======== Source material ========

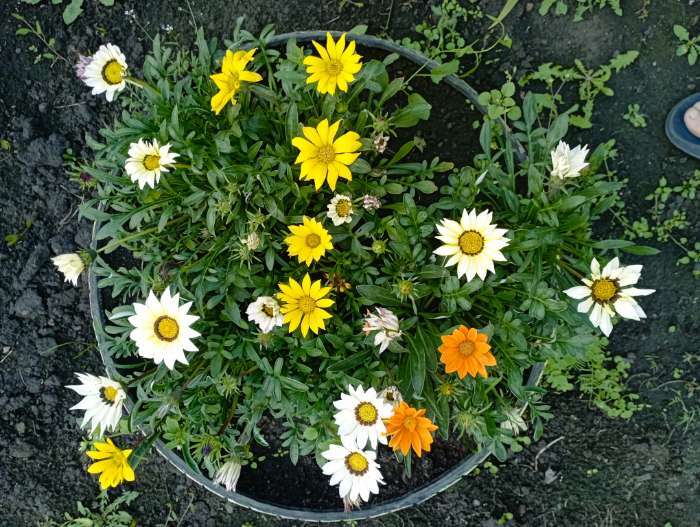 Фотография покупателя товара Семена цветов Гацания «Муза», крупноцветковая, смесь, 0.1 г, «Рецепты дедушки Никиты» - Фото 2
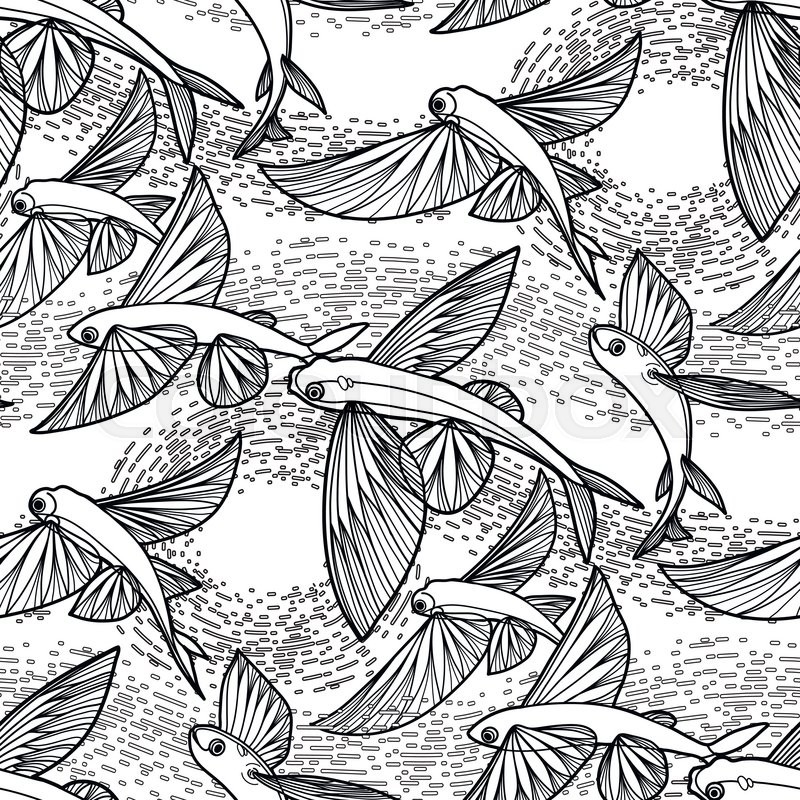 Flying Fish Drawing at GetDrawings | Free download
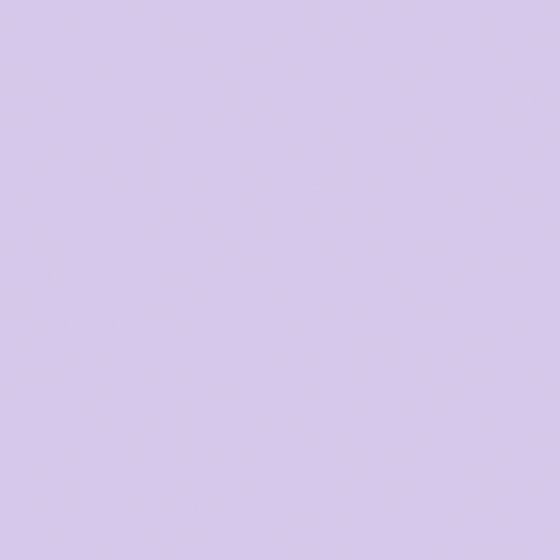 Carpol Violet Wall Paint 3D Model in White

========

The lines from the one containing "Flying Fish Drawing" through the last line of the data above are to be transcribed exactly, both included, with all pictures left out.

Answer to this task:
 Flying Fish Drawing at GetDrawings | Free download
 Carpol Violet Wall Paint 3D Model in White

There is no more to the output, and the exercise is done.